Going after those on the low end of the economic ladder, Republicans in the Michigan Legislature want to eliminate the Earned Income Tax Credit (EITC) for the working poor. As a result, living in Michigan with its double digit unemployment rate will become even more difficult for thousands, particularly children.
Michigan’s EITC mirrors the national program by providing qualifying low-income residents with a tax credit equal to 20 percent of the federal credit – with the state credit ranging from $91 for residents aged 25 through 64 without any children to $1,133 for families with three or more offspring.
It is a program with enormous benefits. The Michigan League for Human Services says the credit benefits 700,000 working parents and their children and keeps 25,000 families out of poverty.
With so many families in need why are Republicans considering cutting the program?
Incredibly, the working poor are being asked to make up the difference in revenue lost because more tax breaks are planned for businesses and corporations.
Also incredibly, some Republicans are claiming this is not “raising taxes” as the overall tax rate will not climb, just that of poor people.

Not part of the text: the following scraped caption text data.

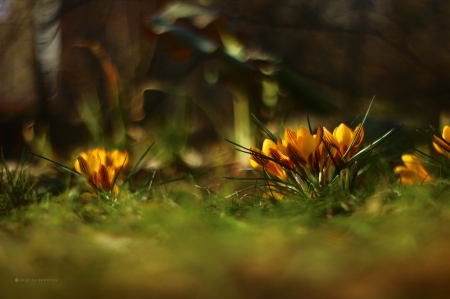 Yellow crocus - flowers, yellow, photography, spring, grazyna, crocus, nowotna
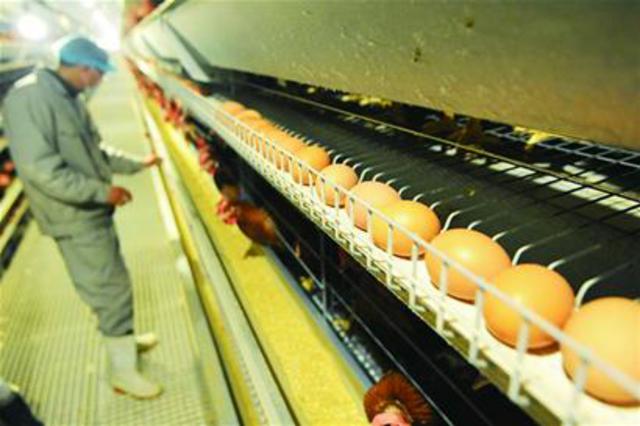 探访省内最大养鸡场 两饲养员轻松照料15万只鸡 探访省内最大养鸡场 两饲养员轻松照料15万只鸡
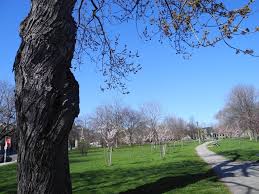 While torontonians have been told off for ignoring social speaking to cp24 on saturday, the mayor said, i was by a number of other parks today, and there were parks that were reported to me as being. The History And Beauty Of Trinity Bellwood Park Historic Toronto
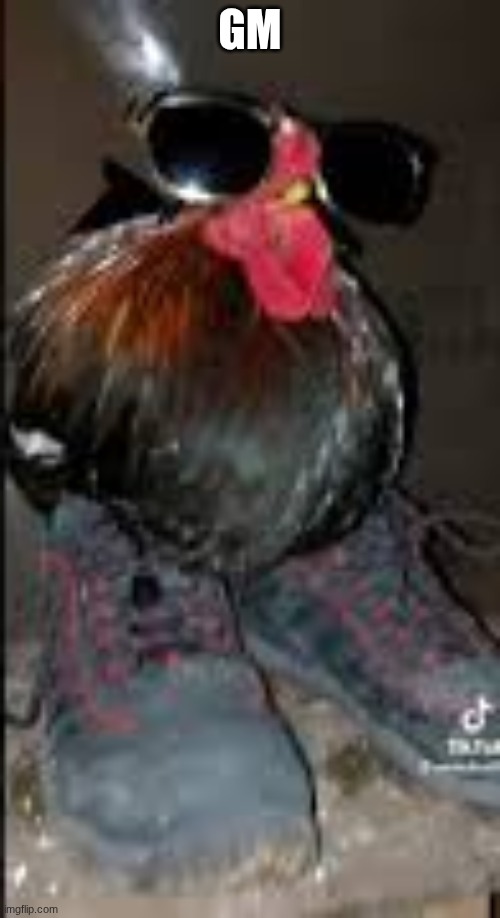 Drip chicken | GM | image tagged in drip chicken | made w/ Imgflip meme maker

The Michigan League for Human Services in a statement released Jan 13 cut through such contorted thinking. Its president and CEO Gilda Jacobs said this about Michigan House Speaker Chase Bolger’s plan to eliminate the EITC:
“While we recognize the desire for everybody in the state to share in the sacrifice, poor people are being asked to be the sacrificial lambs. The Michigan Earned Income Tax Credit, which helps low- and moderate-income working households, should not be the first credit considered among Michigan’s $34 billion list of tax expenditures, including tax breaks for big corporations.
“Eliminating the EITC will put more of the tax burden on those who can least afford it – the families of minimum wage workers and those who do important work in our state including janitors, waitresses, home care aides and child care workers.
“Also, the credit is a proven economic stimulus, and its elimination will hurt small business in local communities across the state. A report by the Anderson Economic Group finds that for each $1 in federal earned income tax credit, $1.67 is generated in economic activity.
“Prior to the nearly unanimous enactment of the state EITC in 2006, Michigan’s income tax code was among the harshest in the country for taxing people living deep in poverty. Now we are about average among the states for the point at which we tax income. At the same time, our tax code means our wealthiest taxpayers pay less in state income taxes than higher-income taxpayers in about 40 states.
“Our lawmakers need to make sure the most vulnerable among us are protected as we continue to weather difficult economic times. This action, however, would deeply harm some of the most vulnerable people in our state, including the half-million children living in poverty.”
There does need to be a revision of the Michigan tax code. However by going in this direction, Michigan Republicans will be making the problem worse.
The short-term solution to Michigan’s deficit problems is raising taxes. Of course, the question is raise taxes on whom? The Michigan League for Human Services says changing Michigan’s flat 4.5 percent income tax to a graduated tax increase would shift the burden to those who can afford to pay. Raising taxes on the top 5 percent of incomes, with a maximum rate of 8 percent, could raise an additional $600 million per year while cutting taxes for 90 percent of the people.